Américaine vivant à Paris depuis les années 80, la plasticienne Susan Shup maîtrise à merveille la langue française avec, toutefois, une légère pointe d’accent « very charming ». Cette aisance à parler langue de Molière permet à ses interlocuteurs de comprendre rapidement qu’ils sont en présence d’une artiste assez rock’n roll, prête à faire voler les conventions en éclats, dans une exubérance toutefois contenue, pour imposer ses points de vue, tant sur l’art que sur la vie et le monde en général. Susan Shup est multi-héritière, des peintres figuratifs américains de l’après guerre mais aussi de ceux qui ont animé par la suite le réjouissant Pop art. Artiste résolument moderne, elle n’hésite pas à changer de médium délaissant parfois pinceaux et couteaux pour l’infographie ou la vidéo
Le poids des mots
Susan Shup commence à dessiner, très jeune en regardant la télévision, tout en s’intéressant au son et à l’enregistrement. A l’adolescence, elle continue de dessiner mais commence à jouer avec les mots en écrivant de la poésie. Le statut d’artiste devient prédominant marqué par plusieurs périodes qui débutent avec des natures mortes pour se poursuivre avec des choses moins académiques et un peu plus expérimentales : les new image paintings, les automatic paintings, et autres abstractions gestuelles, autant de mouvements qui la conduisent, in fine, vers une peinture monochromes qui s’expose partout en Europe. Un jour de la décennie 90, elle reçoit un coup de fil alors qu’elle est en train de peindre. Devant prendre des notes, mais n’ayant rien d’autre sous la main qu’un pinceau et la toile, elle se met à écrire directement sur son tableau.

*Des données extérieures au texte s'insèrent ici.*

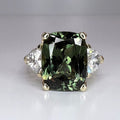Forest Green Crystal Silver Ring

Cet acte est une révélation, acte fondateur d’une nouvelle façon de s’exprimer, rapidement baptisée painting out loud, littéralement peinture à voix haute. La création de Susan Shup devient joyeuse dans la forme mais reste sérieuse sur le fond car les mots ont un sens et du poids.
Expérience sensorielle
Être face à un tableau de Susan Shup est une expérience sensorielle. Le regard est comme happé par la violence des couleurs, l’épaisseur de la matière, la divergence des formes parfois géométriques, parfois rendues vivantes par les coulures de peinture. Puis vient le moment où, aller plus loin dans l’interprétation, impose de prononcer à haute voix le ou les mots inscrits sur la toile. Et même si des mots n’apparaissent pas sur toutes les toiles, commence alors l’immersion dans le « langage painting » de l’artiste, accès pour un voyage au centre de la « pensée shupienne ». Une fois le code décrypté et alors qu’un œil distrait ouvrirait l’hypothèse que tout a été jeté en vrac sur la toile, le propos devient limpide et révélateur d’un monde empêtré dans ses questionnements et ses contradictions. Susan Shup est là pour le rappeler, donnant finalement à l’art, son rôle premier de miroir d’une époque.
Exposition Susan Shup, I collect language, Galerie Louis Gendre 7 rue Charles Fournier à Chamalières, jusqu’au 11 mars 2023, du mercredi au vendredi de 14h à 19h, le samedi de 10h à 18h.